**What you need to do**
Apart from the images, reproduce all of the data word for word.
[Data extract]
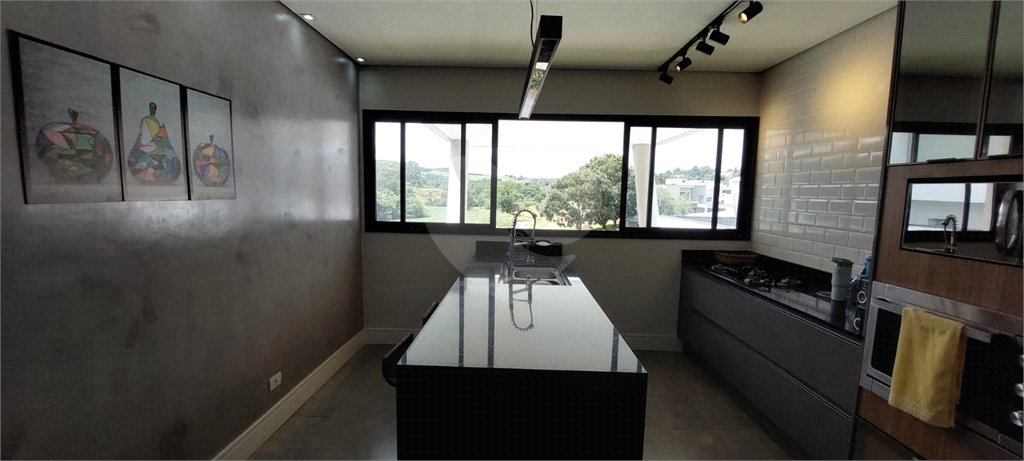 Casa à venda ou para alugar com 4 suítes no condomínio Figueira Garden, Atibaia - SP
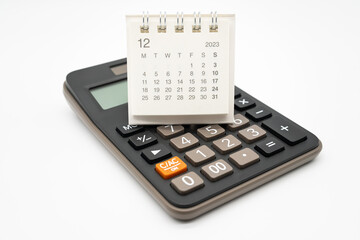 calculator and calendar DEC 2023 on white background for money and debt management concept....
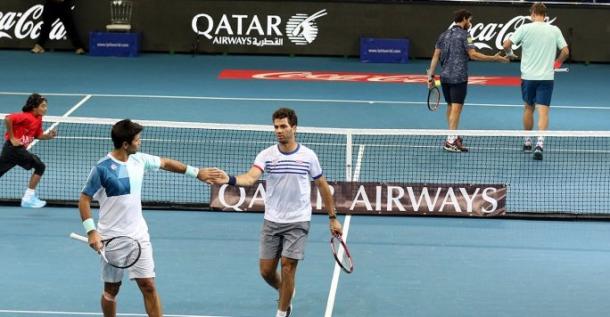The doubles teams high five during their set on Friday. Photo: IPTL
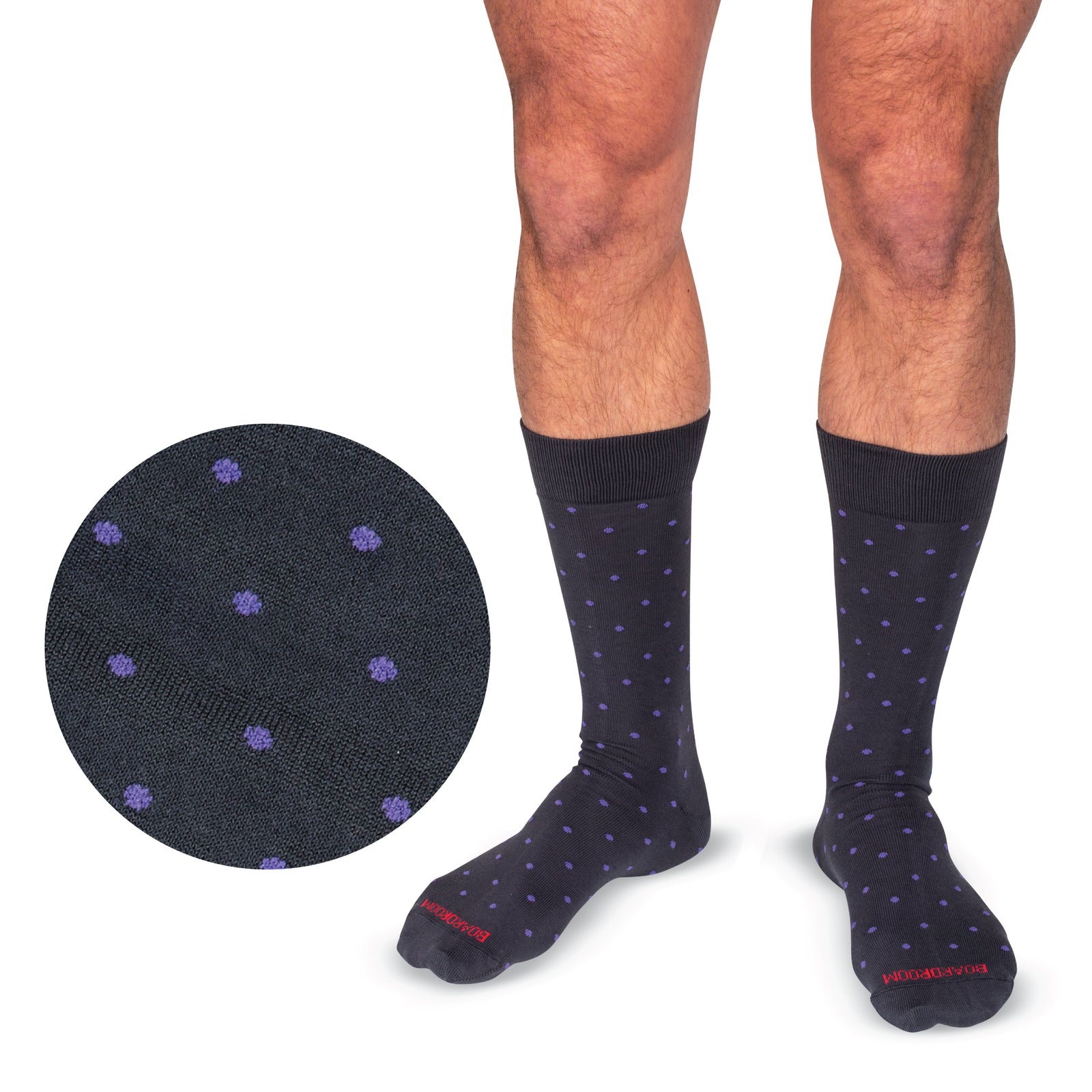 model wearing mid-calf length grey cotton dress socks with purple polka dots standing with a white background
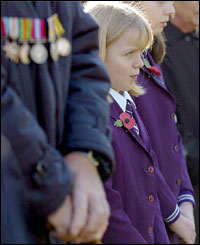 Elizabeth Phillips, nine, from St John's School, stood silent during a ceremony in Ipswich.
[/Data extract]
**Completed exercise**
 Casa à venda ou para alugar com 4 suítes no condomínio Figueira Garden, Atibaia - SP
 calculator and calendar DEC 2023 on white background for money and debt management concept....
The doubles teams high five during their set on Friday. Photo: IPTL
 model wearing mid-calf length grey cotton dress socks with purple polka dots standing with a white background
 Elizabeth Phillips, nine, from St John's School, stood silent during a ceremony in Ipswich.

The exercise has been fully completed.